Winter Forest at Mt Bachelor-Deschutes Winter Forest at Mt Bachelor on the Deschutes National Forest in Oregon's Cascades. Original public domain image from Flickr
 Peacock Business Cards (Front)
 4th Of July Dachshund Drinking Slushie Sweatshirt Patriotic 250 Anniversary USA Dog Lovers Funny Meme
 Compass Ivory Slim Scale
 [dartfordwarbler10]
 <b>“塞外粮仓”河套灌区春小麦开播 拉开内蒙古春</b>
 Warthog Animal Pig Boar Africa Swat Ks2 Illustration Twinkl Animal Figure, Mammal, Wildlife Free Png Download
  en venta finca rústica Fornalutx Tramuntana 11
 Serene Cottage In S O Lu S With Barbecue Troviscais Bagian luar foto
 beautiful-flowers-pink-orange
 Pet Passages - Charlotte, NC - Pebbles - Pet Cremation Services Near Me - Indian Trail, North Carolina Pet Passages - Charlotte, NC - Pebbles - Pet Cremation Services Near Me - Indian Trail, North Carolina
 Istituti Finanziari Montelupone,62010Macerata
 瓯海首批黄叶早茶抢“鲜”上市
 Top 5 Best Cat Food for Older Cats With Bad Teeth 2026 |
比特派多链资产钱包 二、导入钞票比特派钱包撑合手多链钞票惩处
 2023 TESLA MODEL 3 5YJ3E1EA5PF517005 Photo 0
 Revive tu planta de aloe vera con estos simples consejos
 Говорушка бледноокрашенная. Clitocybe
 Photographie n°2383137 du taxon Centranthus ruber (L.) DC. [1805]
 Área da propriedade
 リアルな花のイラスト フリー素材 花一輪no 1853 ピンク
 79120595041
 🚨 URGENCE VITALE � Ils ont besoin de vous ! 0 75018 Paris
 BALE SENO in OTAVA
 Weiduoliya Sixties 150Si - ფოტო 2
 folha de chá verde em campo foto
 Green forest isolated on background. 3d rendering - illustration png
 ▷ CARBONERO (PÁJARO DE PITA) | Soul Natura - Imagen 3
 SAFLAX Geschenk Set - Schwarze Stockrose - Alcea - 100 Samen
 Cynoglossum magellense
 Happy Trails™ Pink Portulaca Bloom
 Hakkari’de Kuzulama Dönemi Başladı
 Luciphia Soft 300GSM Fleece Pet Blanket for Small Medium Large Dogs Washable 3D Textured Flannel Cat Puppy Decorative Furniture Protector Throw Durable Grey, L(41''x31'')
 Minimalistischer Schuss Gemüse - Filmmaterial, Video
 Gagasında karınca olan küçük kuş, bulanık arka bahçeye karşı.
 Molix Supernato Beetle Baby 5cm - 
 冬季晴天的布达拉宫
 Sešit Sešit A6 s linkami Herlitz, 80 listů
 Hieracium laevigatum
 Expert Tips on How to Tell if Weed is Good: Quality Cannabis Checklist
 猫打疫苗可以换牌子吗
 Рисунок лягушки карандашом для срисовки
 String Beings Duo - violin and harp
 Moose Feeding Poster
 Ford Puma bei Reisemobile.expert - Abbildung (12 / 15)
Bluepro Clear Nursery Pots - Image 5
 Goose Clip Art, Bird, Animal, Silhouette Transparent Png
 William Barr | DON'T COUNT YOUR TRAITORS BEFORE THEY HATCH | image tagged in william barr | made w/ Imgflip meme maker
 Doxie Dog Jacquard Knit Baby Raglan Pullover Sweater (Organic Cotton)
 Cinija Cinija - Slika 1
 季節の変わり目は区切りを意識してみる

··········

What is being asked –
Print the data word for word.

Response to this task –
Winter Forest at Mt Bachelor-Deschutes Winter Forest at Mt Bachelor on the Deschutes National Forest in Oregon's Cascades. Original public domain image from Flickr
 Peacock Business Cards (Front)
 4th Of July Dachshund Drinking Slushie Sweatshirt Patriotic 250 Anniversary USA Dog Lovers Funny Meme
 Compass Ivory Slim Scale
 [dartfordwarbler10]
 <b>“塞外粮仓”河套灌区春小麦开播 拉开内蒙古春</b>
 Warthog Animal Pig Boar Africa Swat Ks2 Illustration Twinkl Animal Figure, Mammal, Wildlife Free Png Download
  en venta finca rústica Fornalutx Tramuntana 11
 Serene Cottage In S O Lu S With Barbecue Troviscais Bagian luar foto
 beautiful-flowers-pink-orange
 Pet Passages - Charlotte, NC - Pebbles - Pet Cremation Services Near Me - Indian Trail, North Carolina Pet Passages - Charlotte, NC - Pebbles - Pet Cremation Services Near Me - Indian Trail, North Carolina
 Istituti Finanziari Montelupone,62010Macerata
 瓯海首批黄叶早茶抢“鲜”上市
 Top 5 Best Cat Food for Older Cats With Bad Teeth 2026 |
比特派多链资产钱包 二、导入钞票比特派钱包撑合手多链钞票惩处
 2023 TESLA MODEL 3 5YJ3E1EA5PF517005 Photo 0
 Revive tu planta de aloe vera con estos simples consejos
 Говорушка бледноокрашенная. Clitocybe
 Photographie n°2383137 du taxon Centranthus ruber (L.) DC. [1805]
 Área da propriedade
 リアルな花のイラスト フリー素材 花一輪no 1853 ピンク
 79120595041
 🚨 URGENCE VITALE � Ils ont besoin de vous ! 0 75018 Paris
 BALE SENO in OTAVA
 Weiduoliya Sixties 150Si - ფოტო 2
 folha de chá verde em campo foto
 Green forest isolated on background. 3d rendering - illustration png
 ▷ CARBONERO (PÁJARO DE PITA) | Soul Natura - Imagen 3
 SAFLAX Geschenk Set - Schwarze Stockrose - Alcea - 100 Samen
 Cynoglossum magellense
 Happy Trails™ Pink Portulaca Bloom
 Hakkari’de Kuzulama Dönemi Başladı
 Luciphia Soft 300GSM Fleece Pet Blanket for Small Medium Large Dogs Washable 3D Textured Flannel Cat Puppy Decorative Furniture Protector Throw Durable Grey, L(41''x31'')
 Minimalistischer Schuss Gemüse - Filmmaterial, Video
 Gagasında karınca olan küçük kuş, bulanık arka bahçeye karşı.
 Molix Supernato Beetle Baby 5cm - 
 冬季晴天的布达拉宫
 Sešit Sešit A6 s linkami Herlitz, 80 listů
 Hieracium laevigatum
 Expert Tips on How to Tell if Weed is Good: Quality Cannabis Checklist
 猫打疫苗可以换牌子吗
 Рисунок лягушки карандашом для срисовки
 String Beings Duo - violin and harp
 Moose Feeding Poster
 Ford Puma bei Reisemobile.expert - Abbildung (12 / 15)
Bluepro Clear Nursery Pots - Image 5
 Goose Clip Art, Bird, Animal, Silhouette Transparent Png
 William Barr | DON'T COUNT YOUR TRAITORS BEFORE THEY HATCH | image tagged in william barr | made w/ Imgflip meme maker
 Doxie Dog Jacquard Knit Baby Raglan Pullover Sweater (Organic Cotton)
 Cinija Cinija - Slika 1
 季節の変わり目は区切りを意識してみる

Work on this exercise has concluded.